Copy the records below word for word, from the first line through the line that contains "Used 2024 GMC", and leave out any pictures.

### Provided information ###

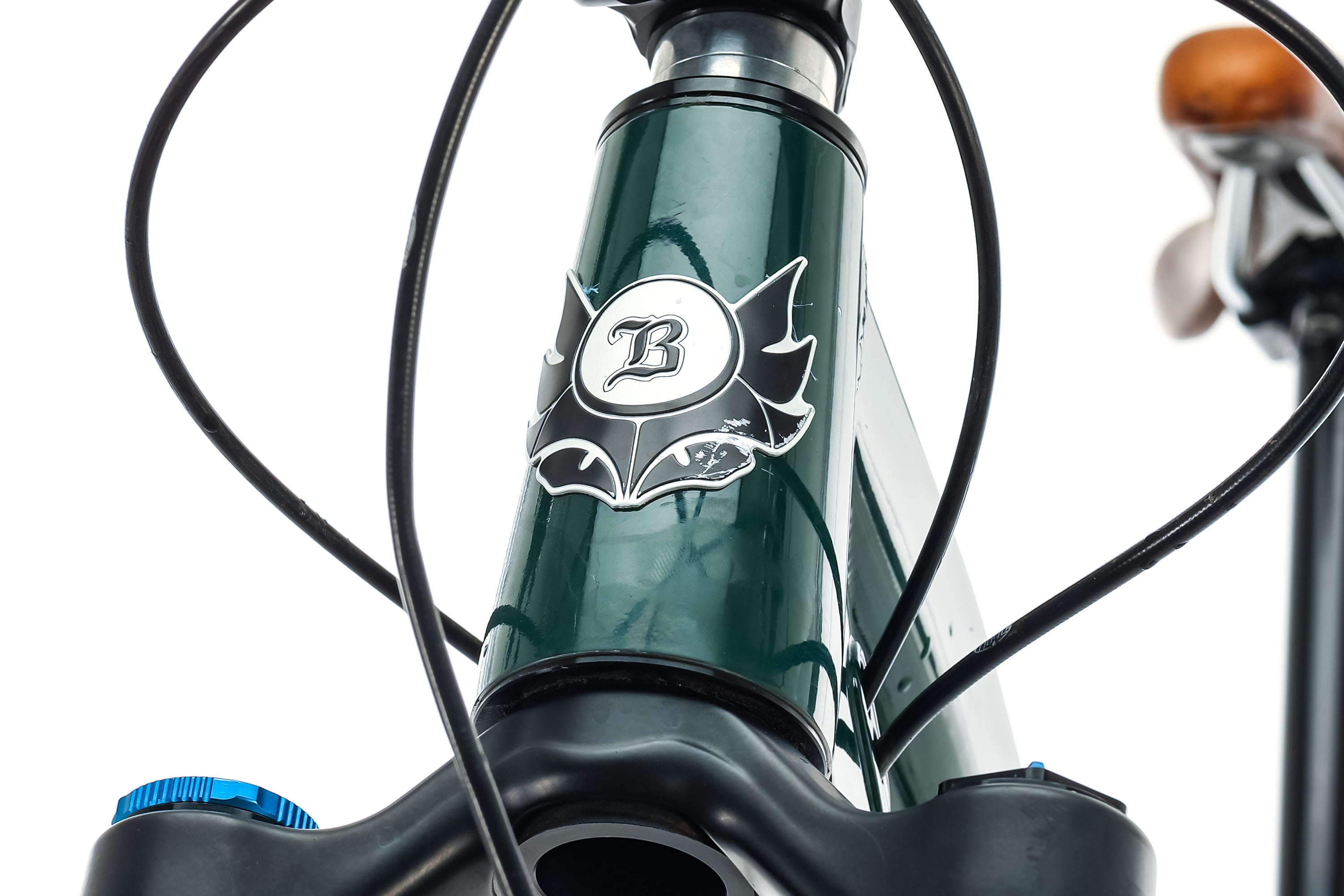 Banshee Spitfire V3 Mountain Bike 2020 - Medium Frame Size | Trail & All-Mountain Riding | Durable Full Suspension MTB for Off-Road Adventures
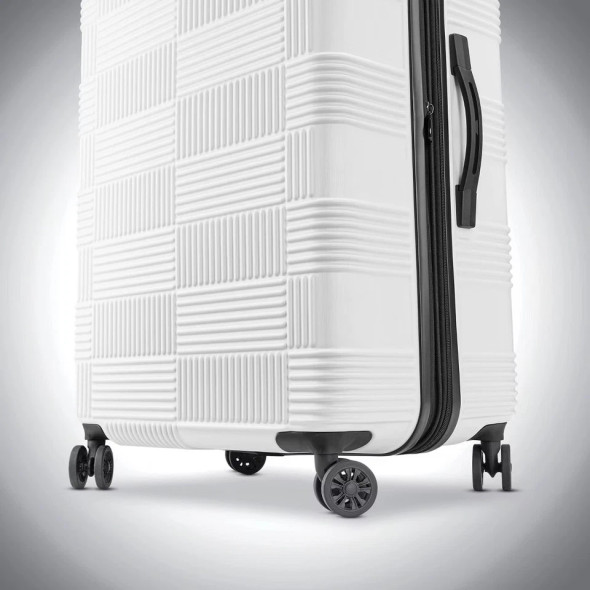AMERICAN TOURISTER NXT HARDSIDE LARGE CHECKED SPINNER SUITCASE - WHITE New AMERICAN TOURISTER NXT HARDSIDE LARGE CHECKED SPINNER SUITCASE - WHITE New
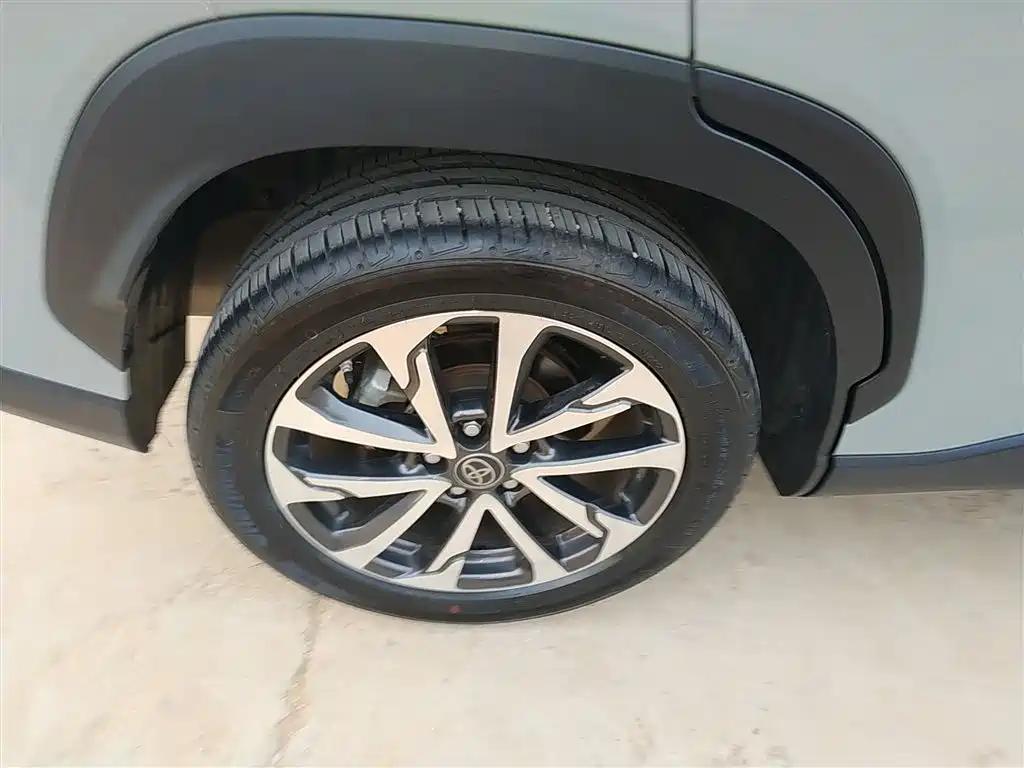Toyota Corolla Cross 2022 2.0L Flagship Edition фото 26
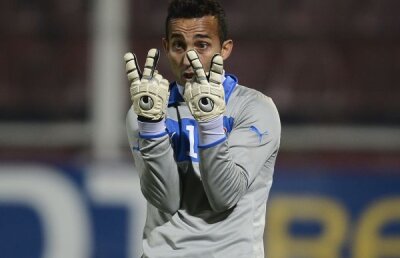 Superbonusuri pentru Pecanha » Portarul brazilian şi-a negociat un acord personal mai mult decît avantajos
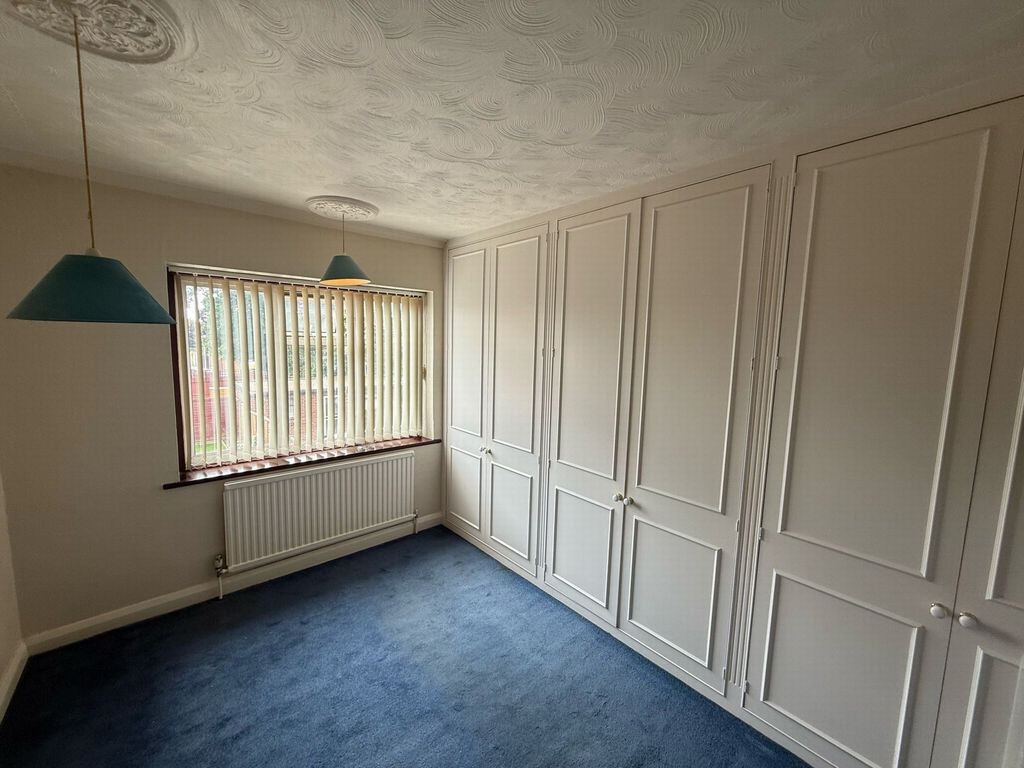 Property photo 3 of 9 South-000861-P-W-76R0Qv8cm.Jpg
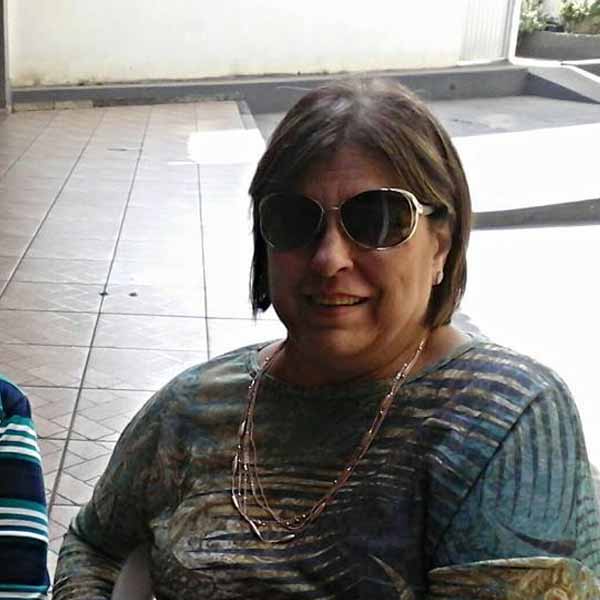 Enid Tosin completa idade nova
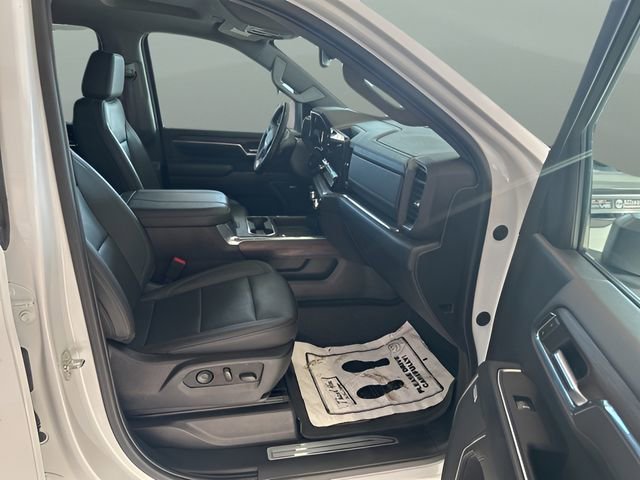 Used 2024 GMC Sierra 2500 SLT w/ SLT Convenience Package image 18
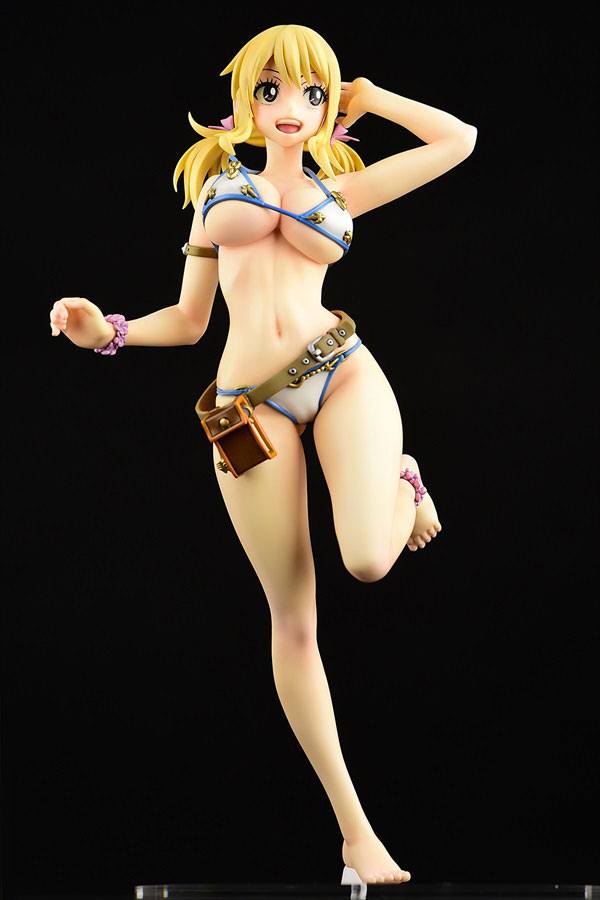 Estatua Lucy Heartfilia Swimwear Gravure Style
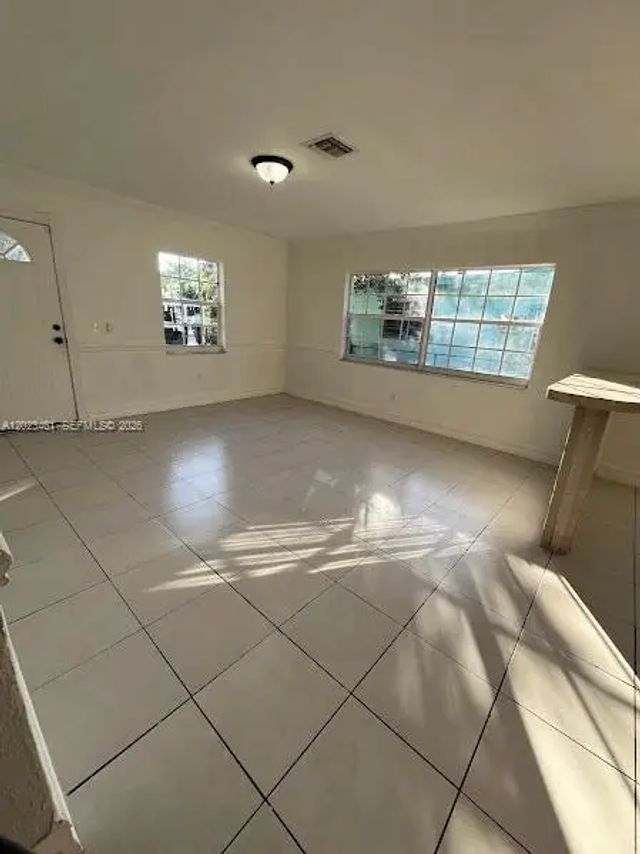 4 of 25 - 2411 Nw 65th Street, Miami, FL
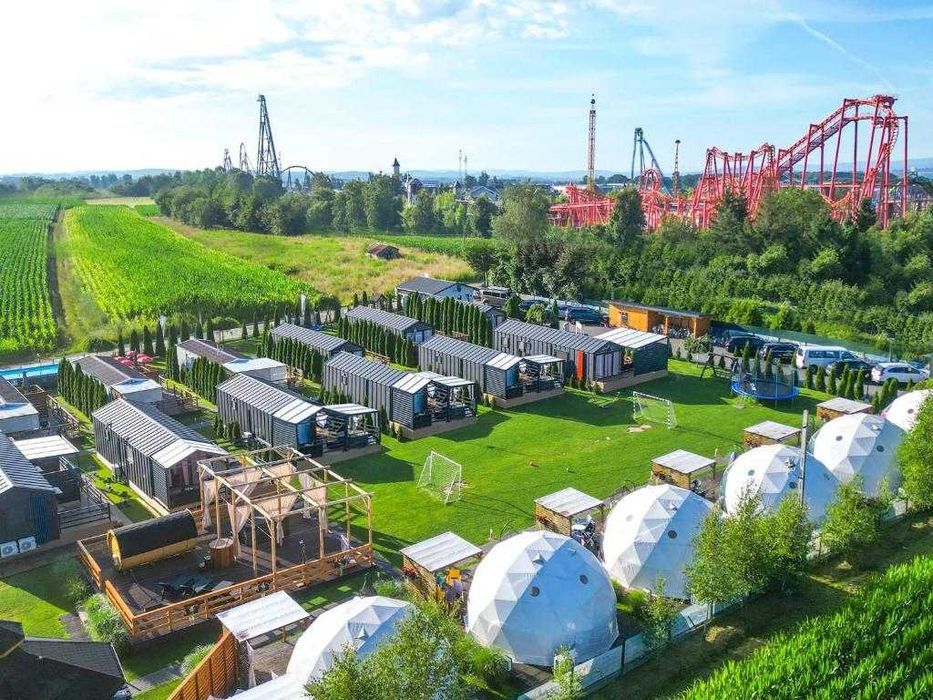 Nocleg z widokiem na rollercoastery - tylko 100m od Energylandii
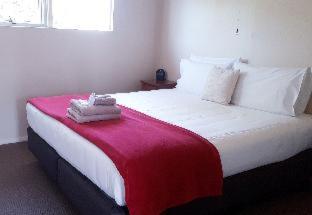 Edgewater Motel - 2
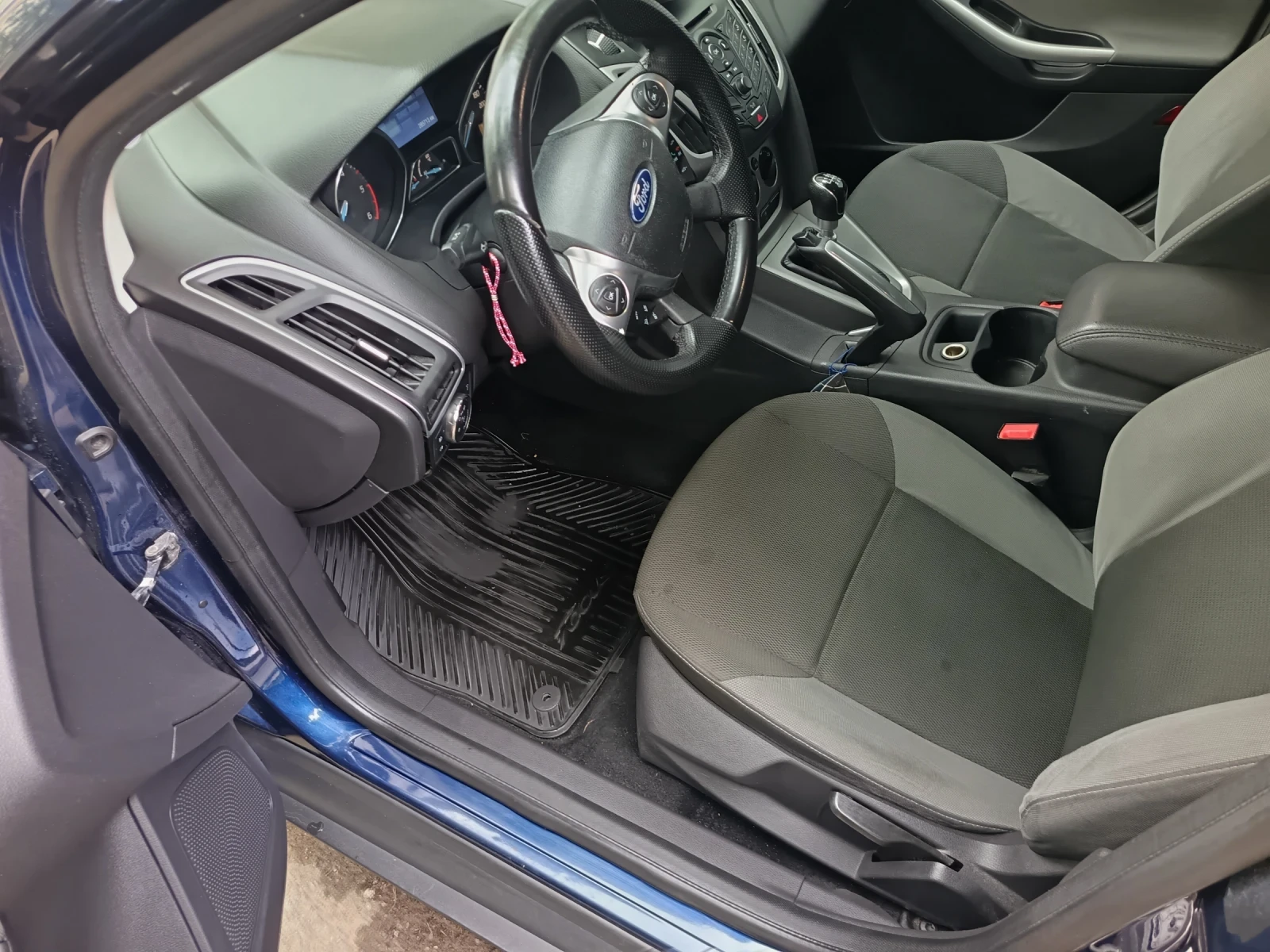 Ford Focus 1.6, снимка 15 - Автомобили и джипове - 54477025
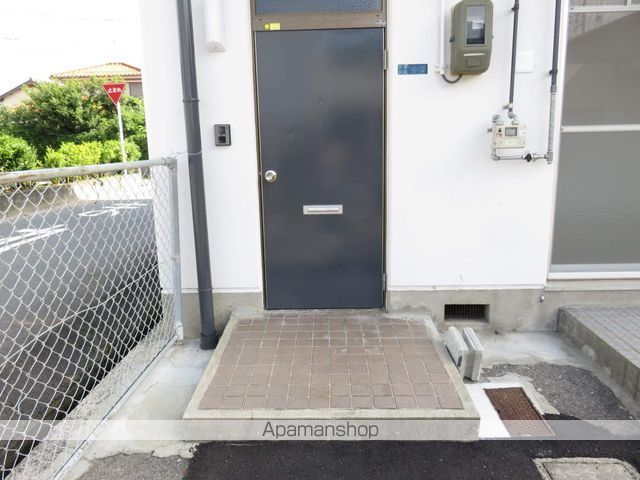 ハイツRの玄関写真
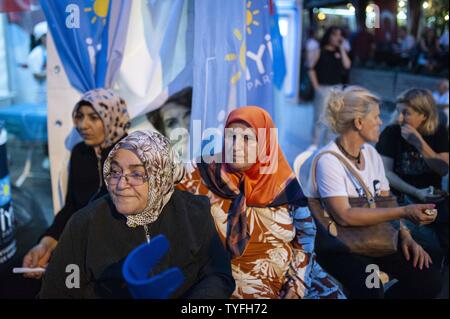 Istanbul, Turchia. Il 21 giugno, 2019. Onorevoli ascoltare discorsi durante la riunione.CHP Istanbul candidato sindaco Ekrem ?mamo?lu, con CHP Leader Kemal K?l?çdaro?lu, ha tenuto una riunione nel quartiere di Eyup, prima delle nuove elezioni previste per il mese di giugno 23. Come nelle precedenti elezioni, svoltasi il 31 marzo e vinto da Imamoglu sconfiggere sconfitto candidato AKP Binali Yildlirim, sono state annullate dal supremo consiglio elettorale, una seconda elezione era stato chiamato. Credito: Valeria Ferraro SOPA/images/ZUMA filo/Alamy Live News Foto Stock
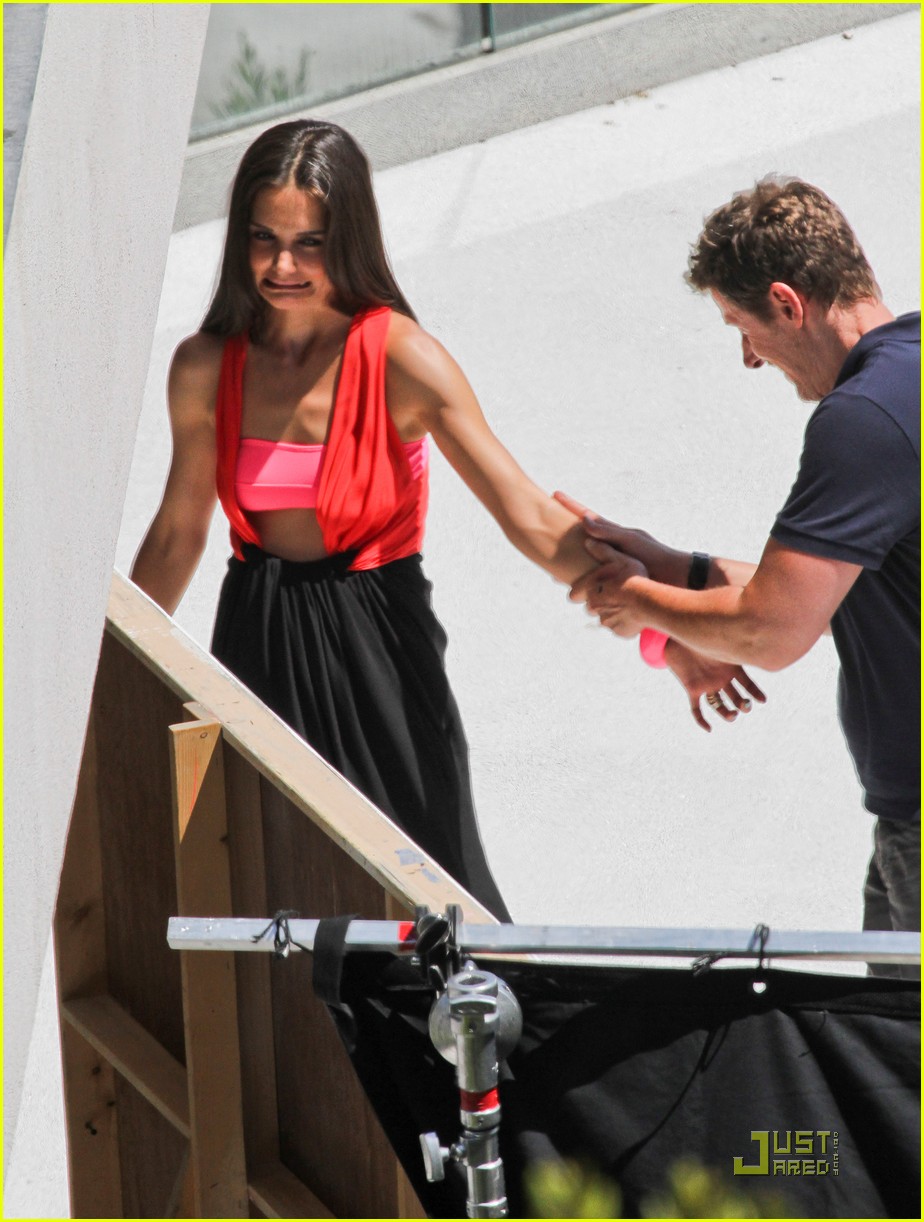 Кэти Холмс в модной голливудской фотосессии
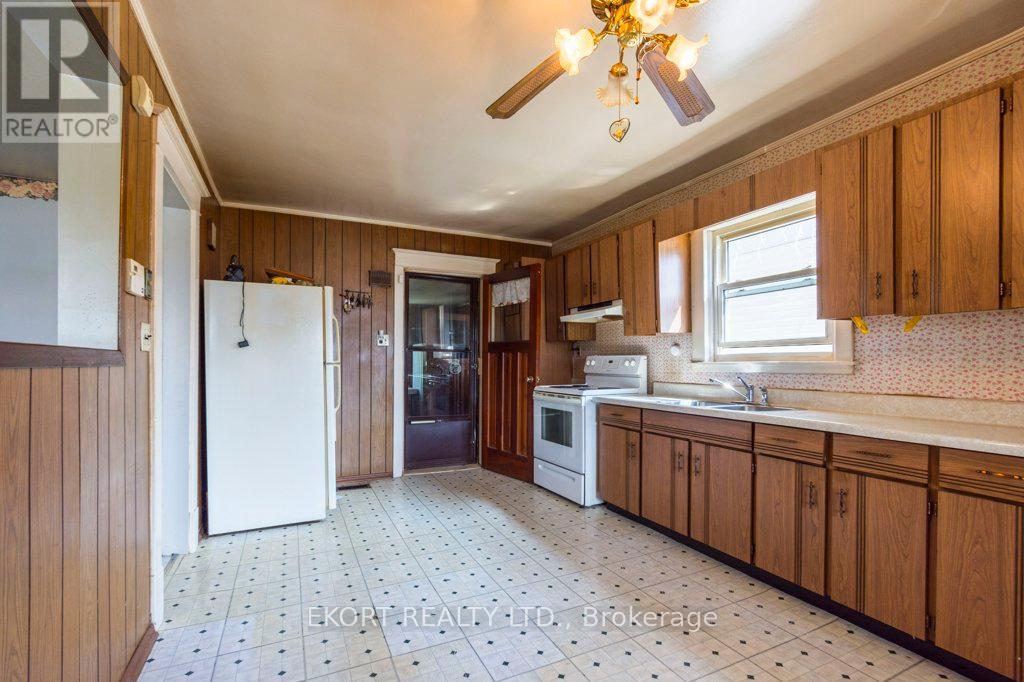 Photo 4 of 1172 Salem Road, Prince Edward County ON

###

◆ **Output of the exercise**:
 Banshee Spitfire V3 Mountain Bike 2020 - Medium Frame Size | Trail & All-Mountain Riding | Durable Full Suspension MTB for Off-Road Adventures
AMERICAN TOURISTER NXT HARDSIDE LARGE CHECKED SPINNER SUITCASE - WHITE New AMERICAN TOURISTER NXT HARDSIDE LARGE CHECKED SPINNER SUITCASE - WHITE New
Toyota Corolla Cross 2022 2.0L Flagship Edition фото 26
 Superbonusuri pentru Pecanha » Portarul brazilian şi-a negociat un acord personal mai mult decît avantajos
 Property photo 3 of 9 South-000861-P-W-76R0Qv8cm.Jpg
 Enid Tosin completa idade nova
 Used 2024 GMC Sierra 2500 SLT w/ SLT Convenience Package image 18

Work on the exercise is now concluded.